Professor Rod Sims AO, Chair of the Superpower Institute and Professor Ross Garnaut AC, Director of the Superpower Institute, Director Zen Energy, Member of the Net Zero Economy Agency Advisory Board will Address the National Press Club of Australia on 'Realising Australia’s economic and climate opportunities'
Rod Sims AO is the Chair of the Superpower Institute (TSI) and Ross Garnaut AC is a Director. They will address the National Press Club to present a bold plan for Australian Climate and Economic policy.
TSI is dedicated to doing the analysis and advocating for the policies that will simultaneously benefit Australia’s economy and the world’s climate. Given the size of the transition needed these two policy areas—economic policy and climate--must merge; they are today separate.
Our Speakers will seek to dramatically change the narrative around climate and economic policy. Without such a change in narrative Australia will continue to underperform on both the economy and climate change. They will explain why climate policy belongs at the heart of macroeconomic, productivity and budget policy. Further, if Australia maximises its contribution to global net zero this will be an economic plus for Australia, not a drag.
Australia is the world’s largest exporter of LNG and coal taken together. Many focus on the costs of losing what has been our large comparative advantage in these commodities. But Australia has the world’s best combinations of wind and solar energy resources and complementary resources to use them. It has enormous sources of biomass relative to population and economic size for a zero-emissions chemical industry. The transition to net zero flips the economics. In a net zero world it will now make sense for a high proportion of the minerals and other products that are currently processed overseas, with large carbon emissions, to be processed in Australia using our huge renewable energy resources and biomass potential.
Australia’s economic advantages relative to the rest of the world are so significant that their large-scale utilisation would materially improve the prospects of achieving the world’s climate objectives. In addition to our over 1% of world emissions now in Australia we could remove around another 6-9% of global emissions that other countries will find very difficult to abate. Processing our iron ore into green iron in Australia would alone reduce world emissions by 3%. Australia covers about 5% of the earth’s land surface; supplying about 6-9% of the world’s renewable energy is no stretch given our abundant solar, wind and land resources.
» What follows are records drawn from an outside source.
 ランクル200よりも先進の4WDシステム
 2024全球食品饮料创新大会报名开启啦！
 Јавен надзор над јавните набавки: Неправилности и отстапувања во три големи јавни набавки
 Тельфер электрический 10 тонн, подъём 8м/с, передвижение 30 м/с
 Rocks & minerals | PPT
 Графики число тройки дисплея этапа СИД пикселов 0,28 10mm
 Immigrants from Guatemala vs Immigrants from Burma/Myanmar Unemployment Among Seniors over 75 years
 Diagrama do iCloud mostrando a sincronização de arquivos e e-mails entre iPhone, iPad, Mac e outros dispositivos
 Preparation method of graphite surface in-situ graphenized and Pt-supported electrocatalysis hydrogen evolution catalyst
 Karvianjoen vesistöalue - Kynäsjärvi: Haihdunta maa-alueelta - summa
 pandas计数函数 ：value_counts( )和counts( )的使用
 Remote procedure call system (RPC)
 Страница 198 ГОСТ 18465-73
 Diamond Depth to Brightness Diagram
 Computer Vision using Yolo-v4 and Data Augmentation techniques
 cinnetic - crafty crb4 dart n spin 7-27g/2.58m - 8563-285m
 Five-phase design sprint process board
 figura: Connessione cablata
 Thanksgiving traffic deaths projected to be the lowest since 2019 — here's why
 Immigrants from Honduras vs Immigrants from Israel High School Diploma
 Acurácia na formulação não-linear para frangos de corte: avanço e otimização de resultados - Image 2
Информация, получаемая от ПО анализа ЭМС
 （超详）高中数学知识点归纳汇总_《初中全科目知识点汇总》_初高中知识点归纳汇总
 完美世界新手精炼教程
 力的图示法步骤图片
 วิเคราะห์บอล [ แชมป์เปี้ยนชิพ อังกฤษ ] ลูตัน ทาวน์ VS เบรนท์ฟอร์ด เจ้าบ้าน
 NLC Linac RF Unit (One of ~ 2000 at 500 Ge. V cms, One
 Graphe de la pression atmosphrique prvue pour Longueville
With the right climate and economic policies Australia can:
- Significantly boost its productivity, economic growth and prosperity,
- Have continuing full employment,
- Have more equal incomes,
- Improve its budget, which can allow more social spending, protect us from international shocks and keep us internationally competitive and
- Have much lower electricity prices.
Australia currently, however, faces rising unemployment, stagnant productivity and a fall in the living standards of most Australians.
Most important, and for the first time, they will outline the appropriate policies to achieve all of the above.
Such policies will:
- Address the important and difficult issues that will arise from the Governments recent announcements on the Capacity Investment Scheme for the electricity sector,
- Facilitate the necessary and massive investment that needs to be made in green energy-intensive exports, which current policies fail to do,
- Outline how best to deal with Australia’s continuing export of coal and gas, which is an issue that divides Australia and currently has no direction,
- Provide the correct response by Australia to the US Inflation Reduction Act,
- Allow Australia to be a large beneficiary of the EC’s Carbon Border Adjustment Mechanism,
- Untangle the current confusion with trade policy in Australia and around the world, and
- See electricity prices fall significantly for Australian households.
Australia needs a bold plan on many fronts; these speakers propose to provide one.